Extracted data entries:
====
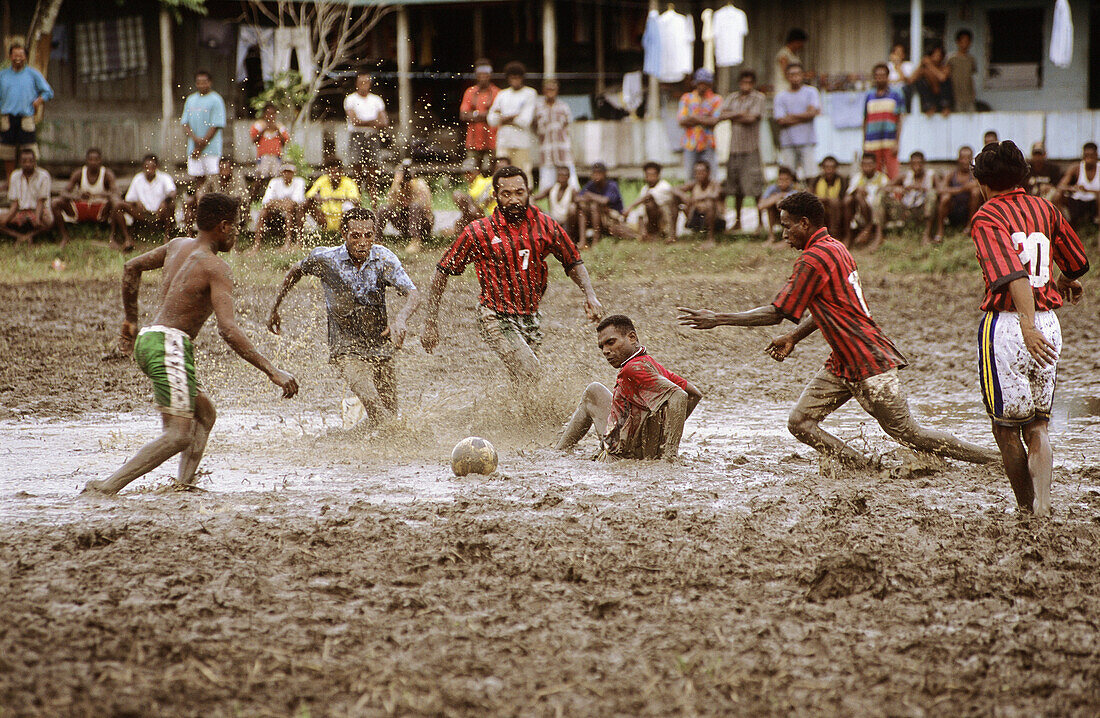 Asmat men playing football in Atsj village, Western Papuasia, Former Irian-Jaya, Indonesia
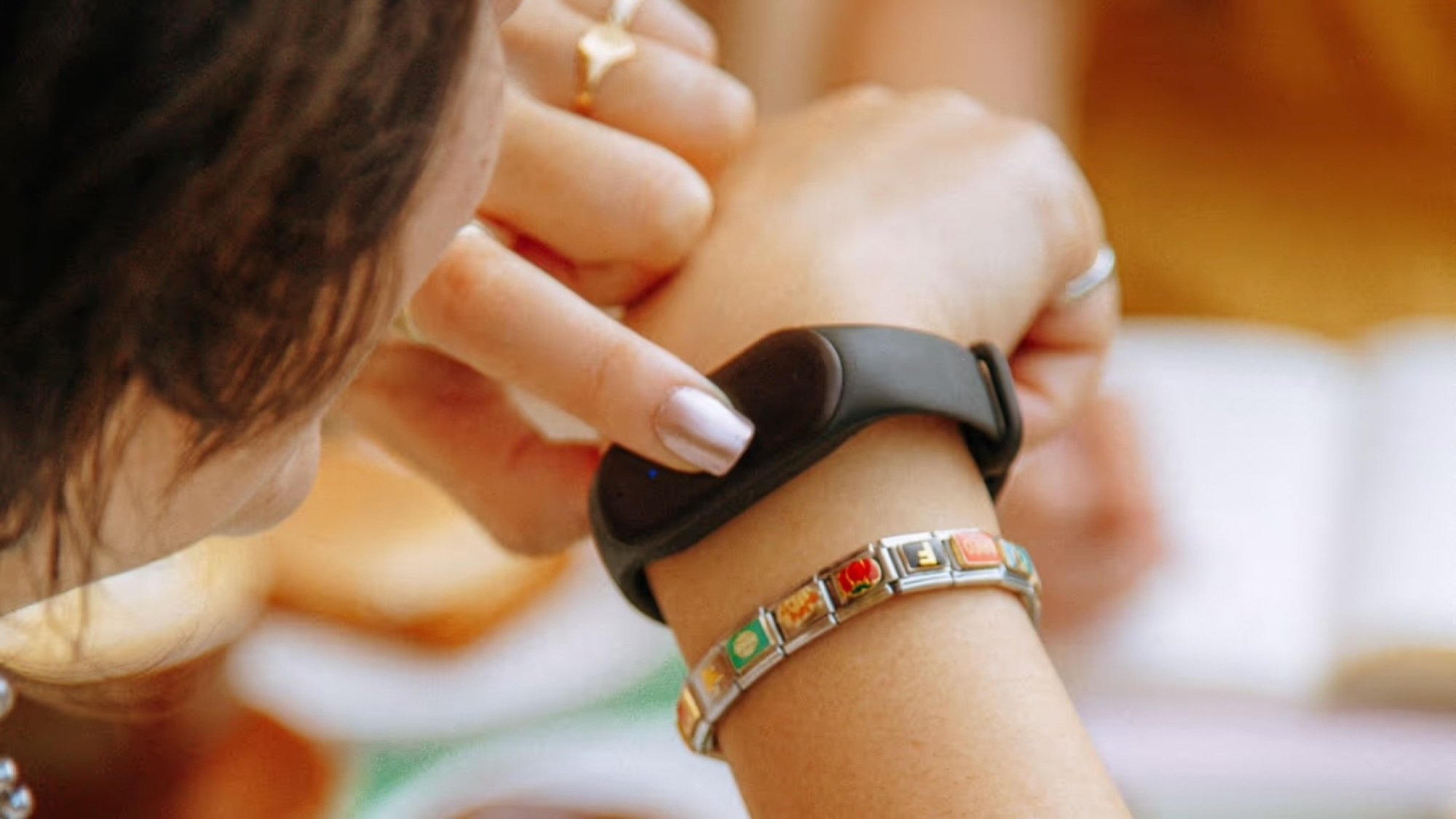 close-up of bee ai device on woman's wrist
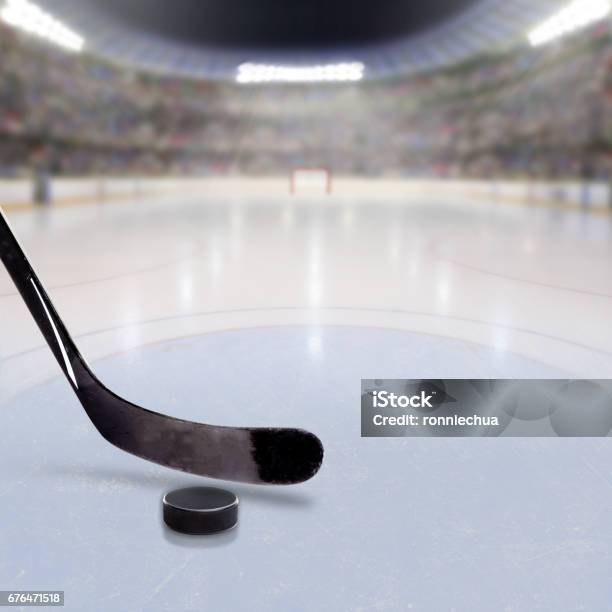 Hockey Stick And Puck On Ice Of Crowded Arena Stock Photo - Download Image Now - Hockey Stick, Stadium, Hockey Puck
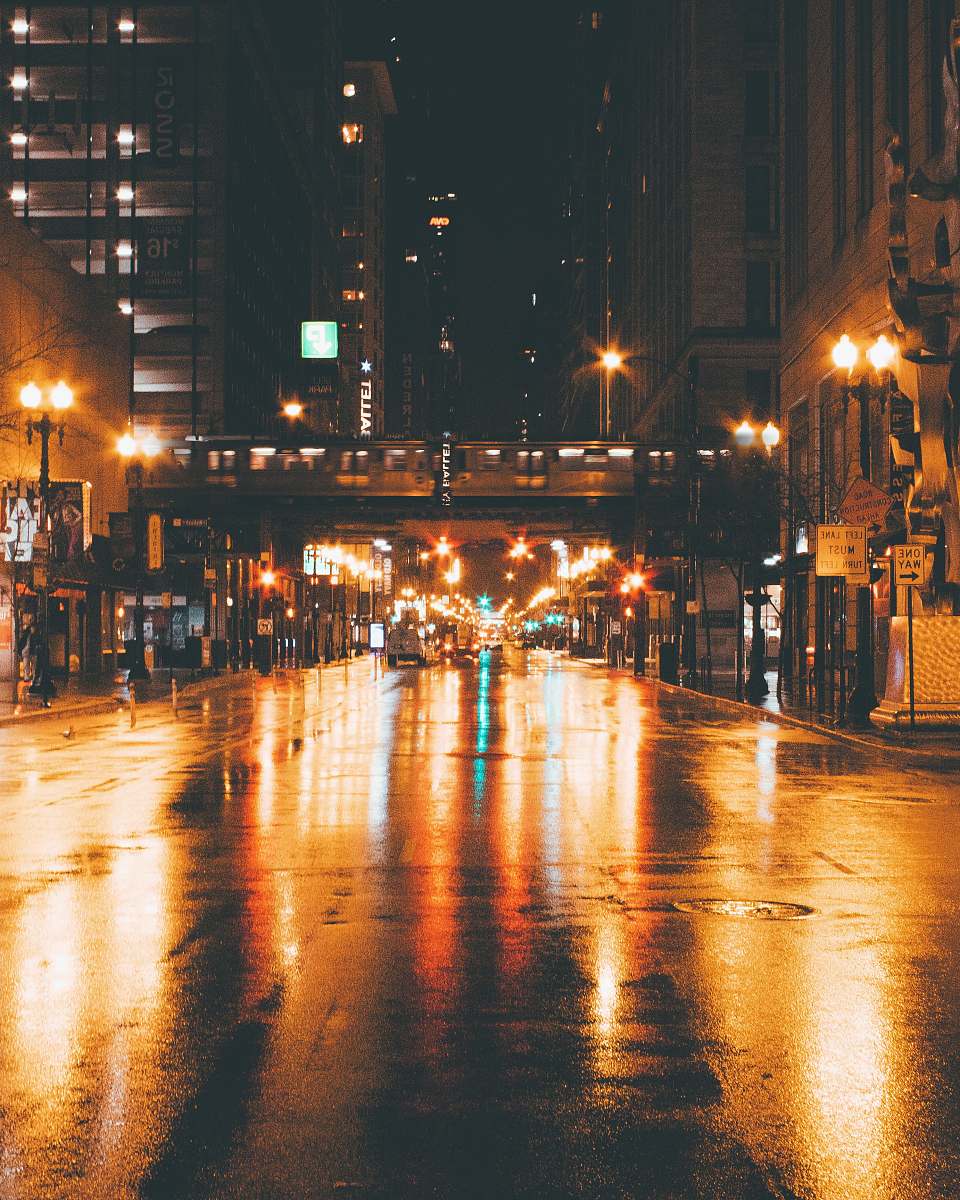 city gray concrete road between buildings at night metropolis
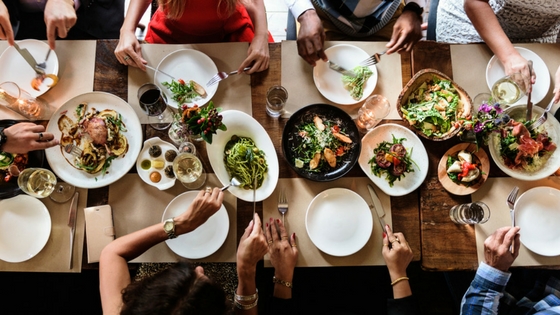 overhead view of table of food and people eating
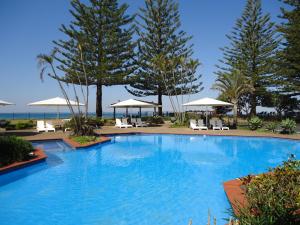 a large blue swimming pool with chairs and umbrellas at Absolute Beachfront Family Villa in Kororo Basin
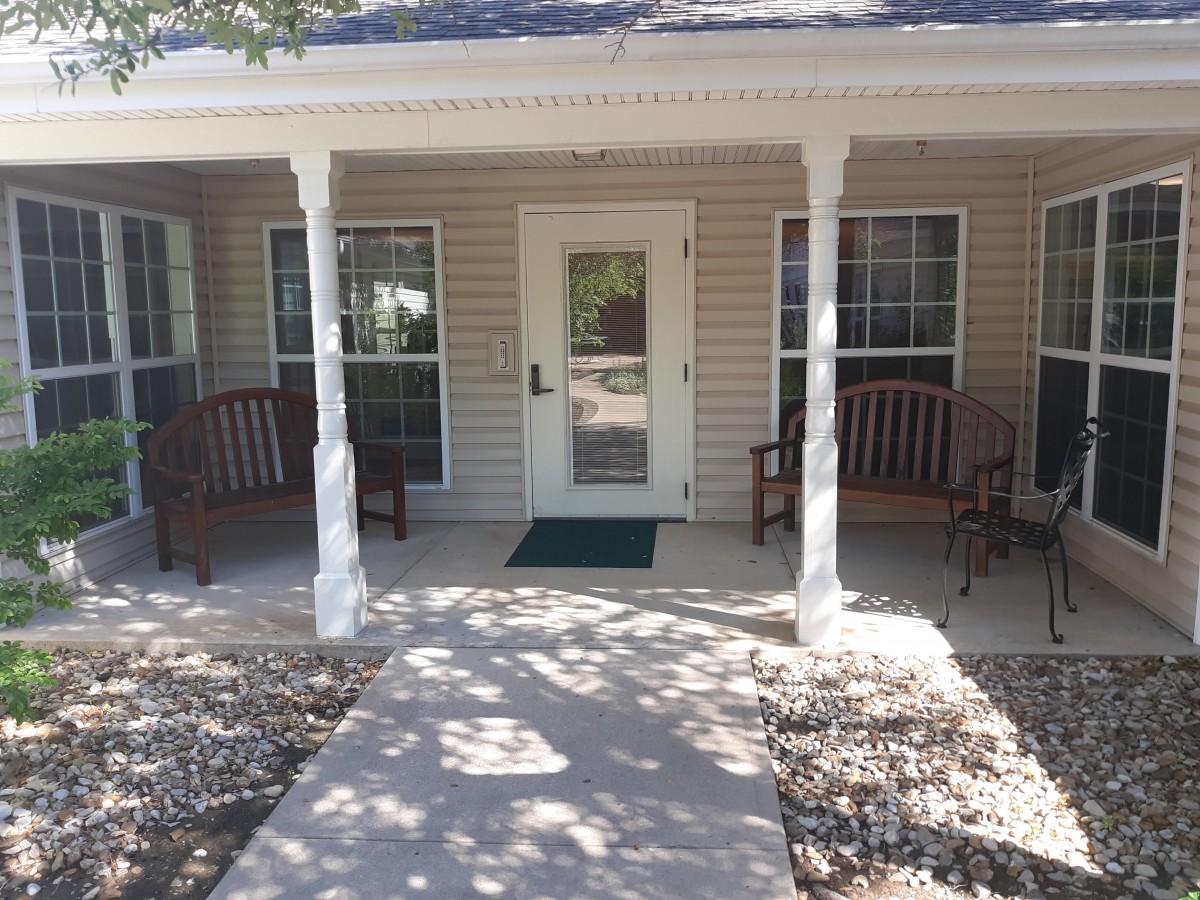 A welcoming front porch with a walkway and seating.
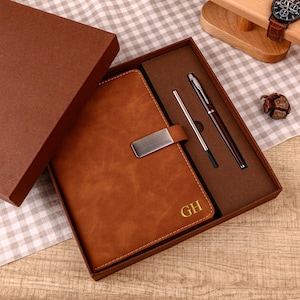 May include: A brown leather journal with a metal clasp, presented in a matching gift box. The journal is embossed with the initials "GH" in gold. A pen and stylus are included in the box, creating a complete writing set.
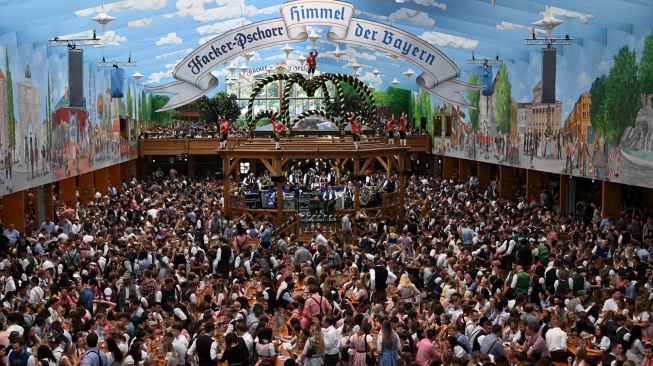 Orang-orang merayakan pembukaan festival Oktoberfest 2023 di Munich, Jerman, Sabtu (16/9/2023). [Christof STACHE / AFP]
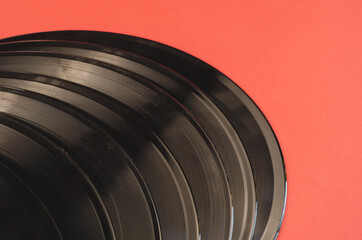 Old vinyl records on a red background. A group of gramophone rec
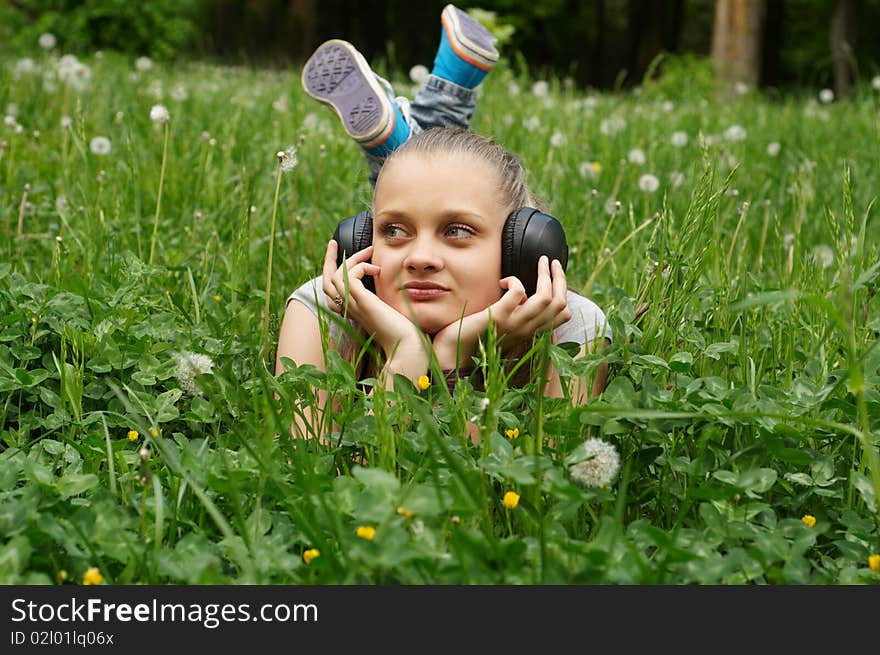 Girl on meadow in summer day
====
Go to the line above holding "city gray concrete", then copy exactly each line down to and including the one holding "A welcoming front", leaving pictures out.

Response area:
 city gray concrete road between buildings at night metropolis
 overhead view of table of food and people eating
 a large blue swimming pool with chairs and umbrellas at Absolute Beachfront Family Villa in Kororo Basin
 A welcoming front porch with a walkway and seating.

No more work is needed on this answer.